Three primary goals of neuropsychological assessment are: (1) to establish an individual's cognitive and behavioral strengths and weaknesses, (2) to interpret findings from diagnostic viewpoint (e.g. differential diagnosis such as depression versus dementia), (3) to extrapolate treatment and rehabilitation reccomentations  from the neuropsychological findings. This article consist of two main part. First, it provide a general information to neuropsychological assessment in AD. Second, give some example researchs especially little is known about implicit memory in AD.

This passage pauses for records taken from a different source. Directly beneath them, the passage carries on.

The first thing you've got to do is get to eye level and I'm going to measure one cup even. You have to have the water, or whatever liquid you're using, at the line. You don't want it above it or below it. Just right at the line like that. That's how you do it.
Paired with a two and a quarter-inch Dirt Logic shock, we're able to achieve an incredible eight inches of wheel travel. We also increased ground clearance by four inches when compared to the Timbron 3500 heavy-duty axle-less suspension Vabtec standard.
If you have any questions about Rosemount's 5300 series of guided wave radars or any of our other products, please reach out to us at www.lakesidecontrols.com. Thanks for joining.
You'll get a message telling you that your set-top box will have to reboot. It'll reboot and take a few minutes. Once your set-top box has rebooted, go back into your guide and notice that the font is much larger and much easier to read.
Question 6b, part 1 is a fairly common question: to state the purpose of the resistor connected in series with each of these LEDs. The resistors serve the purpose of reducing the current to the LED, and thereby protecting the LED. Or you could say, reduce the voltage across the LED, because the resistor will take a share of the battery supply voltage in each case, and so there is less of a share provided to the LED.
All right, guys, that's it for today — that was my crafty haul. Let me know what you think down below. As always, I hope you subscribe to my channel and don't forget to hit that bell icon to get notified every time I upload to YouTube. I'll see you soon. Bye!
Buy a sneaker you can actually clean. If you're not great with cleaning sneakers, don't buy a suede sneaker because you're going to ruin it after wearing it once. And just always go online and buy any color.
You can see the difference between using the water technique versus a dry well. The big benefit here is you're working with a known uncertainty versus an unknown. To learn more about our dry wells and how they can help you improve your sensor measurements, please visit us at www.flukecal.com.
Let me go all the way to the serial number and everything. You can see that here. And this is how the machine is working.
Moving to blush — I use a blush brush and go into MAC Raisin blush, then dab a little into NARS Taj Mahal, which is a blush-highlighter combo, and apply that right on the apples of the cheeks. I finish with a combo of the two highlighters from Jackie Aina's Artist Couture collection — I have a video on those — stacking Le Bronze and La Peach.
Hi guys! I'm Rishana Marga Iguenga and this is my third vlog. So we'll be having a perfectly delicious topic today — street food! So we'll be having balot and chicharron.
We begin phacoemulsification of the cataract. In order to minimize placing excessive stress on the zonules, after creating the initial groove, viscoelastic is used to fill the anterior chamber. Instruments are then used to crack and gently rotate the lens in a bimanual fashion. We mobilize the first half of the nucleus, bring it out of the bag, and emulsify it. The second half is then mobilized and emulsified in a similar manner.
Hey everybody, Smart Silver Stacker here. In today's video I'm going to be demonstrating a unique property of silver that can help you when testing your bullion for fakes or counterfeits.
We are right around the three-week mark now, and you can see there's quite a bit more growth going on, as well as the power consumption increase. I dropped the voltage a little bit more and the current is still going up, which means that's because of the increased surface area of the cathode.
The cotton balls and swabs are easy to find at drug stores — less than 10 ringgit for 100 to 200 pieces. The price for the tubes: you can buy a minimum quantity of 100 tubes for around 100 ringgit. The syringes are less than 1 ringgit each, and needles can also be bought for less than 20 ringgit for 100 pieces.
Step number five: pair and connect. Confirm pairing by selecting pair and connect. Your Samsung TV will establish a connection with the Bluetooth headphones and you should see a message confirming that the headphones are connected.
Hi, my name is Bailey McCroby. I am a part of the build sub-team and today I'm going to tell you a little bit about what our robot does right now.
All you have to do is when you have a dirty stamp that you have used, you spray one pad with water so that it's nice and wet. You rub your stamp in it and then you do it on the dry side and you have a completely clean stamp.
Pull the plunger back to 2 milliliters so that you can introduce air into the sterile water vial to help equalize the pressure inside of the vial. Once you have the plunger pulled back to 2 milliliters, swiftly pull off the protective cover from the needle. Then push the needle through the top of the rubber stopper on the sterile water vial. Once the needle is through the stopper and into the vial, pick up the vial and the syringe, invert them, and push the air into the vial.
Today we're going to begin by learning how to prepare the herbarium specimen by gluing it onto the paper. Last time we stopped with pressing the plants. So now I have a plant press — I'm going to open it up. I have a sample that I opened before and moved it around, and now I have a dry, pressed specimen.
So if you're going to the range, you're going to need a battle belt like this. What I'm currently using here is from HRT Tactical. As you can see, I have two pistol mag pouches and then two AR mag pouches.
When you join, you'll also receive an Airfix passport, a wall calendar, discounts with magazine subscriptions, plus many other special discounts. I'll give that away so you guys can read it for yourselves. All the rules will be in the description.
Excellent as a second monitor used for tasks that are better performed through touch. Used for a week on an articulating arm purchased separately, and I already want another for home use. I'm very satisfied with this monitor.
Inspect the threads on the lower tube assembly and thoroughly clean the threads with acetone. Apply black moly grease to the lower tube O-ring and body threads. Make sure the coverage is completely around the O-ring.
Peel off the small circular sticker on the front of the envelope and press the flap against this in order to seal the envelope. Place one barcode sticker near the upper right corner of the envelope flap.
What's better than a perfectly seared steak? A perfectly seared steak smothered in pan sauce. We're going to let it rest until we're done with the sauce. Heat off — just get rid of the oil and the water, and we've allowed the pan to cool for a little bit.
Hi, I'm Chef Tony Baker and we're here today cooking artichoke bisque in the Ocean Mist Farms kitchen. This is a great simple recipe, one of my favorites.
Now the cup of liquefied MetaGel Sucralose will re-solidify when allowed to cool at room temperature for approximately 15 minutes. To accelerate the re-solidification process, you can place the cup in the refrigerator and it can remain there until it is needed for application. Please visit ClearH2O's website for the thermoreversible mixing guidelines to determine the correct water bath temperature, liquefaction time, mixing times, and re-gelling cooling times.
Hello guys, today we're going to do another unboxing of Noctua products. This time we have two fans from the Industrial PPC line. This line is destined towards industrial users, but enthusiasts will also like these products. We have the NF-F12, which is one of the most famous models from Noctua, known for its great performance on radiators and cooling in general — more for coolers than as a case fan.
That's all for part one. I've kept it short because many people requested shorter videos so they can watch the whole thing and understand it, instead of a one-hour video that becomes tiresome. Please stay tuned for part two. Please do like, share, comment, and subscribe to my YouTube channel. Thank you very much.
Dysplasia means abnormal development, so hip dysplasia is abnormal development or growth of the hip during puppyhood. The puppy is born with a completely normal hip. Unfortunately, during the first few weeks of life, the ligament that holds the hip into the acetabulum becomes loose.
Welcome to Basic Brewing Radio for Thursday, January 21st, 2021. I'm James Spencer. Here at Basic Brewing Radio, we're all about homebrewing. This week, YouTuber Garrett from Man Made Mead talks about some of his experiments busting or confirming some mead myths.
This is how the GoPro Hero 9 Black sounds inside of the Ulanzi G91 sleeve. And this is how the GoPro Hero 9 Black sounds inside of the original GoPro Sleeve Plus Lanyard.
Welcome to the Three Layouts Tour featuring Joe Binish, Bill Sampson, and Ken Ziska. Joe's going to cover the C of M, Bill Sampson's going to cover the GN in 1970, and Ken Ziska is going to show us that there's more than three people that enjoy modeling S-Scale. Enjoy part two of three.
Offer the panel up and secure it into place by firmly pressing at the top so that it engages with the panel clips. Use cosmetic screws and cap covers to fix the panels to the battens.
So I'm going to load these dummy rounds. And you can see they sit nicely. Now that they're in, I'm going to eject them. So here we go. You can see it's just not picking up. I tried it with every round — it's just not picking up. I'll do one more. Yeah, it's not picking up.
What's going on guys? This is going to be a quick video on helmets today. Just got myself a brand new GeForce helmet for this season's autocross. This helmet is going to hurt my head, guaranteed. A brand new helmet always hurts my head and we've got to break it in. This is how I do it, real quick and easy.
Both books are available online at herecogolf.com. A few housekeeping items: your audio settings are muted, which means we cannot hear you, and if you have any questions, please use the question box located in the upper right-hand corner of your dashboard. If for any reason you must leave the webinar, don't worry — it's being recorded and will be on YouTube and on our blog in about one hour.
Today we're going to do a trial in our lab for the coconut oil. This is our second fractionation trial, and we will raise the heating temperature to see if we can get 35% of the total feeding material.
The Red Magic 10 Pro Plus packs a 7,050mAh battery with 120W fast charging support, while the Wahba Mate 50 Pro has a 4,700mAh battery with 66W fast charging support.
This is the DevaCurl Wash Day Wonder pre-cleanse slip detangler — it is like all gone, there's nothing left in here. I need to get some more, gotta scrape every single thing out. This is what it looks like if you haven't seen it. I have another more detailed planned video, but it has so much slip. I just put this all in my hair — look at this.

Definitions of dementia very enormously due to the multifaced nature of the ilness. There are different types of dementia, presenting with a smilar basic symptoms (Alzheimer,Vascular, Lewy Body, Frontal Lobe, and Mixed types). Dementia, particularly Alzheimer type dementia (AD), was one of the major public health problem last 30 years. This led to development of widely accepted two diagnostic criteria for use clinical settings and scientific researches in dementia:  1)  Offered by the National Institute of Neurological and Communicative Disorders and Stroke and the Alzheimer's Disease and Releated Disorders Association (NINCDS-ADRA) (McKhan et al., 1984). 2) The Diagnostic and Statistical Manual of mental Disordes: 4th Edition (DSM-IV) of the American Psychiatric Association (APA, 1994).

These two criterias are generally consistent of each other. According to these criterias: 1) the dementia is progressive and multiple cognitive decline in elderly persons in the absence of consciousness, presence of disturnances of neurological, or psychiatric conditions that might in and of themselves account for these progressive impairement, 2) These diagnostic criterias include the presence of dementia established by clinical exam and confirmed by neuropsychological testing (APA, 1994; McKhan et al., 1984).   

Cognitive complaints, particularly memeory complaints, are common in old people. Some of these old people experince changes severe enough to seek medical help and, indeed, have objective evidence of cognitive impairement, even though they do not dementia (Ribeiro, Mendoça & Guerreiro, 2006).

Mild cognitive impairment (MCI) is a clinical syndrome to represent the transition between normal cognitive function and dementia. In this stage, the person doesn't yet meet criteria for dementia. Considerable evidence supports the argument that there is a transitional phase between normal function and dementia. Neuropsychological researches of persons defined as neither normal nor demented demonstrate progressive declines in cognitive functions and/or processes over time. These are particularly striking in the area of episodic memory , but other domains appear to be affected as well (Albert & Blacker, 2006; Storandt et al., 2002). These results are consistent with the clinical criterias for dementia require impairment in two or more cognitive funcitons.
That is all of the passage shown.